### Task description
In the entries that follow, the line with "6061 T6 Aluminum" opens the range and the line with "Jordan 5 Retro" closes it; repeat that range exactly, both lines included.

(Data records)

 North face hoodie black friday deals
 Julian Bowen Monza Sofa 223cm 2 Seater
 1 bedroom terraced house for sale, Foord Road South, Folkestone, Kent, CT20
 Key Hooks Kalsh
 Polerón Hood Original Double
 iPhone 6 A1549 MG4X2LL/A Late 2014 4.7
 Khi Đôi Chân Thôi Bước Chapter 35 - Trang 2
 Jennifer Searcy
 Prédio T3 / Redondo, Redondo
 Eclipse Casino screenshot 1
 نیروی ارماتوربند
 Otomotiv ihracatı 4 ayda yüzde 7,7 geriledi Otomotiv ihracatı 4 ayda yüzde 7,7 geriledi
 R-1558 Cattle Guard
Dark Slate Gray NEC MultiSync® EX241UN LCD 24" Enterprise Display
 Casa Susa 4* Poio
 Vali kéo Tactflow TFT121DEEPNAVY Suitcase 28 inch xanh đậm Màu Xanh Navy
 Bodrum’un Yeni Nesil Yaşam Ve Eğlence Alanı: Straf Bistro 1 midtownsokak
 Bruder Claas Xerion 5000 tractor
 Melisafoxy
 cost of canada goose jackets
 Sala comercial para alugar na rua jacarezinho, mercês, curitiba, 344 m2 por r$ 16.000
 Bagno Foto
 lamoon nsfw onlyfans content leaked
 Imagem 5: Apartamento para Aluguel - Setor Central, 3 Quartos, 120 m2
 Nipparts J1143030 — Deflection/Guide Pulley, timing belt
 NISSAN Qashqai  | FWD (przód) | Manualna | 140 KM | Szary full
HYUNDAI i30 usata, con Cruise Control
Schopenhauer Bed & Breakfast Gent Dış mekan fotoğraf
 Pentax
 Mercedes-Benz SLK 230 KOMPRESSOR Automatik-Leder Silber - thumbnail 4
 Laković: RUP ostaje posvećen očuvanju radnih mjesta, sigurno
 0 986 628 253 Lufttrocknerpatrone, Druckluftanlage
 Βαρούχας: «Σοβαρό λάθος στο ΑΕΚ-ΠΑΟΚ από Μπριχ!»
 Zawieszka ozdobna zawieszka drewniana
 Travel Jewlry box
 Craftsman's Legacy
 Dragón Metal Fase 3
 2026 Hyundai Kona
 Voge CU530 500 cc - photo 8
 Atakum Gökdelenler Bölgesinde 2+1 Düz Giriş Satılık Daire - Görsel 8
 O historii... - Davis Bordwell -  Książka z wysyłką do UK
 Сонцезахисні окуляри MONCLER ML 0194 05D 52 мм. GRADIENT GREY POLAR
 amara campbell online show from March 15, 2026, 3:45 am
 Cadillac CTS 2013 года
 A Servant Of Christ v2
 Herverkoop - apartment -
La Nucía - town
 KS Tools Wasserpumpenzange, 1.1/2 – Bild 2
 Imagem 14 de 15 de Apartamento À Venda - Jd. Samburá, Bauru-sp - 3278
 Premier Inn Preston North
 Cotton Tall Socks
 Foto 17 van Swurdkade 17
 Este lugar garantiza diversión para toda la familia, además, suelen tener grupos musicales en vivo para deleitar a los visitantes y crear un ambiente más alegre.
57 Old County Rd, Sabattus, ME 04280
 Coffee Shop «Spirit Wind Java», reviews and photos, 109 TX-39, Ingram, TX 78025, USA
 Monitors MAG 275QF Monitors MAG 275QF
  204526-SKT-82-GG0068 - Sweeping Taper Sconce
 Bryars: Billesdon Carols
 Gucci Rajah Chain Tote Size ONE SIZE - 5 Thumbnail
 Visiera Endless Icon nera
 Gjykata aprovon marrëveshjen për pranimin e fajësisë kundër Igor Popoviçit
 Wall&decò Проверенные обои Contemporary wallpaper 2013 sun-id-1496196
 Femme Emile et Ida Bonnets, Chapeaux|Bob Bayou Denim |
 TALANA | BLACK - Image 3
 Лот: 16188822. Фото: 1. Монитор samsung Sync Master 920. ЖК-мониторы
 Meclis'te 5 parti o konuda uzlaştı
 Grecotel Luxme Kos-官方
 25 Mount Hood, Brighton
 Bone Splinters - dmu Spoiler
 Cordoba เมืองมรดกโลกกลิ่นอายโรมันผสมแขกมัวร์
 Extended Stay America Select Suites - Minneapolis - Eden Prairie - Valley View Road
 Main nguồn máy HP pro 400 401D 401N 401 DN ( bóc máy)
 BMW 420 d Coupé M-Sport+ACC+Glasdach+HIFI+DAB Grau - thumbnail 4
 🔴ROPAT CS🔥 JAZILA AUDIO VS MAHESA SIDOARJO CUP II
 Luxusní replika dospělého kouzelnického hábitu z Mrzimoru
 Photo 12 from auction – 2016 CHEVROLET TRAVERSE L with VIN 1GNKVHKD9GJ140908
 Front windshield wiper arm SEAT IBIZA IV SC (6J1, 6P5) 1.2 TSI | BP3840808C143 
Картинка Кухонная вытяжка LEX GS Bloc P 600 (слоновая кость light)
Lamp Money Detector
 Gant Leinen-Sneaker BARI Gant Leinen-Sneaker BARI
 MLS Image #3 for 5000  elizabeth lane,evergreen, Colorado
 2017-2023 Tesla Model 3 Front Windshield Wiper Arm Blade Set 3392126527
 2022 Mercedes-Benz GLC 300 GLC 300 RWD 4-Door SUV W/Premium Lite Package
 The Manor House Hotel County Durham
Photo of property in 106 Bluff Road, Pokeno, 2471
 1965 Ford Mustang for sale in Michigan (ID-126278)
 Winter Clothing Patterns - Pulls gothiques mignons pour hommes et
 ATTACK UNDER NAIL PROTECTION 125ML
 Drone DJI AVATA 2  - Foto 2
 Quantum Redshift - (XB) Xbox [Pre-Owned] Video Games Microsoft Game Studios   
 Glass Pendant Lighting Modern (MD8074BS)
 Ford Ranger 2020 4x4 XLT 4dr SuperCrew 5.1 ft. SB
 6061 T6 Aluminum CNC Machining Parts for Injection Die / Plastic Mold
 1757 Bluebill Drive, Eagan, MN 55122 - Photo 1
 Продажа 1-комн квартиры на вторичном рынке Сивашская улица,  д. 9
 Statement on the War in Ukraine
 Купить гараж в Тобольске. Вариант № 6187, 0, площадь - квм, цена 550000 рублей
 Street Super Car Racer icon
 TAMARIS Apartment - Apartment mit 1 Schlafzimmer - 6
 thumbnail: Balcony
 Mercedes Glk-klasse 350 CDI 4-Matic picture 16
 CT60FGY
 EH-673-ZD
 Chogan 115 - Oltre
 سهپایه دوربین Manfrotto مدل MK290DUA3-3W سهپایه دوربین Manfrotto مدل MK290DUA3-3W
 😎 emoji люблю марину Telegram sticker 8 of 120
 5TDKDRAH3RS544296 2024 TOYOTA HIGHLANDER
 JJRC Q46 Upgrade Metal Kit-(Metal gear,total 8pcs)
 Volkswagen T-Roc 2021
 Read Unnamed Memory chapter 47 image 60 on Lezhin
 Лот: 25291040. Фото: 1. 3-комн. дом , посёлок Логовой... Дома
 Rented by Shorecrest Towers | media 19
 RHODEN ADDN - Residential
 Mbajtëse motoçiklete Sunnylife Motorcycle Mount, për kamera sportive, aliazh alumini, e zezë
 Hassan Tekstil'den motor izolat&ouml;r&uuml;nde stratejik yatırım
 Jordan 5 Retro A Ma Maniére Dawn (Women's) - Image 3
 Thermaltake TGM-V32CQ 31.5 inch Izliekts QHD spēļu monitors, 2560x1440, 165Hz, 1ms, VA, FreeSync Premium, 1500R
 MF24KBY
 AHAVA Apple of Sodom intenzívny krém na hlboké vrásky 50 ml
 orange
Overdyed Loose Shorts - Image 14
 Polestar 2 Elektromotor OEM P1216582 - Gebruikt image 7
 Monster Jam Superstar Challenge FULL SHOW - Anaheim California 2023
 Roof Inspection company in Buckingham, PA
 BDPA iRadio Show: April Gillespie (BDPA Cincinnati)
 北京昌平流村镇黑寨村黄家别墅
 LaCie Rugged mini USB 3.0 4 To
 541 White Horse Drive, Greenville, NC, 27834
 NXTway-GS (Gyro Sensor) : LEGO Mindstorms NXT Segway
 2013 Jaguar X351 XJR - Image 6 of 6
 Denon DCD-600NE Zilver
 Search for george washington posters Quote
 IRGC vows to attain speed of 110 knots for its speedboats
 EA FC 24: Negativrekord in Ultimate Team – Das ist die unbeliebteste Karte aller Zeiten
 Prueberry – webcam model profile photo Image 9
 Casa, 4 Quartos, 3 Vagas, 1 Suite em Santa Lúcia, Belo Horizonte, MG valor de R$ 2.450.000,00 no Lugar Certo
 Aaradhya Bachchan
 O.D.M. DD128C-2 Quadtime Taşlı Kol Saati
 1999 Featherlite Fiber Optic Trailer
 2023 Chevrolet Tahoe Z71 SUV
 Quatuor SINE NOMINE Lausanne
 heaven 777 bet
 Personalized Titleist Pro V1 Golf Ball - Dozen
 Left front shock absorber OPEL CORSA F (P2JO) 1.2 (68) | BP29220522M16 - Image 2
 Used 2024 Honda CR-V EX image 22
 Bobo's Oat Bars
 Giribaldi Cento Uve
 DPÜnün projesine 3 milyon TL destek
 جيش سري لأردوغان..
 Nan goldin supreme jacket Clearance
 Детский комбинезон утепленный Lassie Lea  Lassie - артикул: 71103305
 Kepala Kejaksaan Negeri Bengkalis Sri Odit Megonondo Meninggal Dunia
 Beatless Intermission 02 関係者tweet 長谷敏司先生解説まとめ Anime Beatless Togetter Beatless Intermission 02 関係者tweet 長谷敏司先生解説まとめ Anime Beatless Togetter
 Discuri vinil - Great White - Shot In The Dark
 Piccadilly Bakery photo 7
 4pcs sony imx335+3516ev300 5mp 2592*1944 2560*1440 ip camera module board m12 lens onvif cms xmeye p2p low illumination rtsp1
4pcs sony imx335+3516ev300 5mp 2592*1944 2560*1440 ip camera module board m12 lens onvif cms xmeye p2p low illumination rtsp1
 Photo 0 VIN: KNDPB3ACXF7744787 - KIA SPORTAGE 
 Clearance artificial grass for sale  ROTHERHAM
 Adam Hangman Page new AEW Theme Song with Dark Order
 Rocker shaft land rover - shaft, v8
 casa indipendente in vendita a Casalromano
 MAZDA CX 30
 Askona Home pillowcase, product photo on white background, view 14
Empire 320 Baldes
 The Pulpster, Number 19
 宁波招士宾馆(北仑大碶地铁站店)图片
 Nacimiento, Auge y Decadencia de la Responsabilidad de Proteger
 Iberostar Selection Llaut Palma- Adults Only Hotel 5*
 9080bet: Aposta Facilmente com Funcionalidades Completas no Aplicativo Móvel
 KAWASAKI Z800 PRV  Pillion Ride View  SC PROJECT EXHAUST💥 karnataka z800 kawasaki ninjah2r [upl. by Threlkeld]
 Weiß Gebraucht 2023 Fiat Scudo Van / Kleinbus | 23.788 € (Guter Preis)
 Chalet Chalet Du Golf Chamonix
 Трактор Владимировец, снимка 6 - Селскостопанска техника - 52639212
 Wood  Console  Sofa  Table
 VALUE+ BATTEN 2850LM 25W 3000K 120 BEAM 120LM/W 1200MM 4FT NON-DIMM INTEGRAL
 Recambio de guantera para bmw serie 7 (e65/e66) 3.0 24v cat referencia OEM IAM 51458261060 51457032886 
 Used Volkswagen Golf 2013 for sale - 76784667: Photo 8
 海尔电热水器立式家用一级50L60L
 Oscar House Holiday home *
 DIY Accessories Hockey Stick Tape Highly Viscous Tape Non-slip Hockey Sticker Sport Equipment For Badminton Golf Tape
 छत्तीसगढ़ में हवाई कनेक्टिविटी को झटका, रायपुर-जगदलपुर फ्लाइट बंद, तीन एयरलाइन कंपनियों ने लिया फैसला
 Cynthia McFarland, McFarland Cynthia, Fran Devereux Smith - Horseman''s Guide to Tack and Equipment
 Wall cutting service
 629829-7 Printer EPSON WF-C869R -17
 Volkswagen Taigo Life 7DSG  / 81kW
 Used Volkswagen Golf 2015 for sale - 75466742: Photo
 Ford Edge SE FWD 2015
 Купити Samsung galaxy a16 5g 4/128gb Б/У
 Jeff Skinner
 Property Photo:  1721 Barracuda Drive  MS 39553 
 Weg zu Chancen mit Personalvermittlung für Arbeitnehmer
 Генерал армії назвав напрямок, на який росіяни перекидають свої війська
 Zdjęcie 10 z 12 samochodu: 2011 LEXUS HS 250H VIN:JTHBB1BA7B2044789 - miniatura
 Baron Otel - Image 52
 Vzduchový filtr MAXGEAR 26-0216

### Reply
 6061 T6 Aluminum CNC Machining Parts for Injection Die / Plastic Mold
 1757 Bluebill Drive, Eagan, MN 55122 - Photo 1
 Продажа 1-комн квартиры на вторичном рынке Сивашская улица,  д. 9
 Statement on the War in Ukraine
 Купить гараж в Тобольске. Вариант № 6187, 0, площадь - квм, цена 550000 рублей
 Street Super Car Racer icon
 TAMARIS Apartment - Apartment mit 1 Schlafzimmer - 6
 thumbnail: Balcony
 Mercedes Glk-klasse 350 CDI 4-Matic picture 16
 CT60FGY
 EH-673-ZD
 Chogan 115 - Oltre
 سهپایه دوربین Manfrotto مدل MK290DUA3-3W سهپایه دوربین Manfrotto مدل MK290DUA3-3W
 😎 emoji люблю марину Telegram sticker 8 of 120
 5TDKDRAH3RS544296 2024 TOYOTA HIGHLANDER
 JJRC Q46 Upgrade Metal Kit-(Metal gear,total 8pcs)
 Volkswagen T-Roc 2021
 Read Unnamed Memory chapter 47 image 60 on Lezhin
 Лот: 25291040. Фото: 1. 3-комн. дом , посёлок Логовой... Дома
 Rented by Shorecrest Towers | media 19
 RHODEN ADDN - Residential
 Mbajtëse motoçiklete Sunnylife Motorcycle Mount, për kamera sportive, aliazh alumini, e zezë
 Hassan Tekstil'den motor izolat&ouml;r&uuml;nde stratejik yatırım
 Jordan 5 Retro A Ma Maniére Dawn (Women's) - Image 3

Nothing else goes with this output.